League Circles wrote:
Dr Spaceman wrote:Alright, but if this were true: the Earth's temperature would have been increasing at a linear rate since its creation. Data shows this is obviously not the case.
A little more wordily: the inputs and outputs of heat to the earth can be assumed to be in equilibrium. If the sun were heating up, the Earth would be heating up at a supremely faster rate than it is now. If it were getting colder, our temp would be declining at a again faster rate. The Universe temperature is marginally above 0, on average, and neither the sun or Earth are ever making a dent in that.
So we're basically left wth the Earth: what's changing? It can't be more heat input, and it can't be the universe itself getting warmer, so it's got to be the Earth losing less heat. In other words, it's becoming more insulated. The data doesn't agree with really any thermodynamic explanation because the rate of change isn't linear. Something artificial is getting in the way.
Why would the bolded parts necessarily be true at all? I don't believe a universal assumption of equilibrium is at all consistent with what we can surmise about the universe, though I may be wrong. I'm definitely open to ideas.
Why can't the universe be getting warmer? Or colder?
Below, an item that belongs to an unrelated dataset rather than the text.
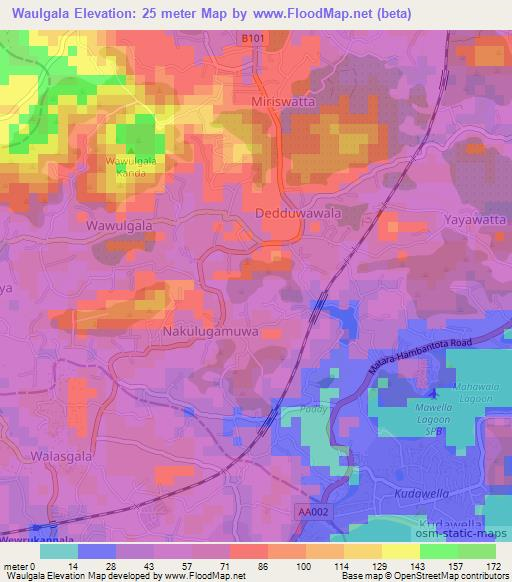 Waulgala,Sri Lanka Elevation Map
I have instincts and thoughts as to the answers to these questions but no confident position.
Nonetheless, I assume, for lack of better info, neutral input and output of heat exchange from earth. In which case, yes we are unavoidably causing global warming (as is every natural process on earth). All we can do is affect the rate of warming. And I support limiting that rate through worldwide policy and national policy.
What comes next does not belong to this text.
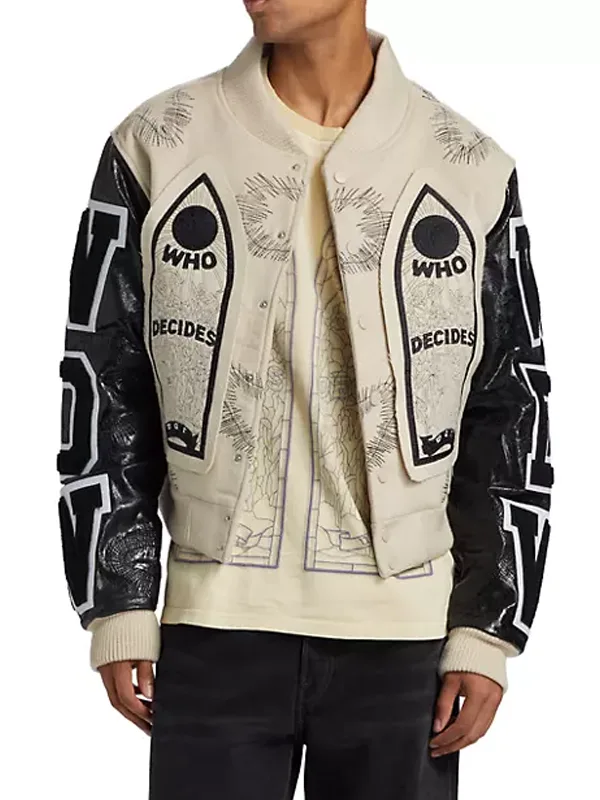 Namesake Wool-Blend Cream Varsity Jacket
Not sure if you saw my last reply, but I'll try to surmise it very briefly:
Temperature is a measure of molecular motion per unit space. Every particle in the universe started in a little jumble that had so much energy it exploded and started expanding and never stopped. Thus, with a fixed amount of energy (this is proven, in fact, by thermodynamics) the amount of motion possible in an ever-expanding area is astronomically tiny.
Further, the "temperature" of outer space HAS TO be zero (as in, would break the laws of physics were it not) because we've measured close to absolute zero. If the universe itself were not that cold, it WOULD NOT be possible for that level of cold to exist elsewhere.
Further, look what happens when you move away from the sun. Each successive planet gets colder. This would not happen if the universe weren't substantially colder than its inhabitants.
Finally, why isn't the universe getting hotter? It is, but by the same degree as if you lit a match and dropped it in the Atlantic Ocean and tried to measure it (and actually, the real effect is hundreds of thousands of times smaller than this.)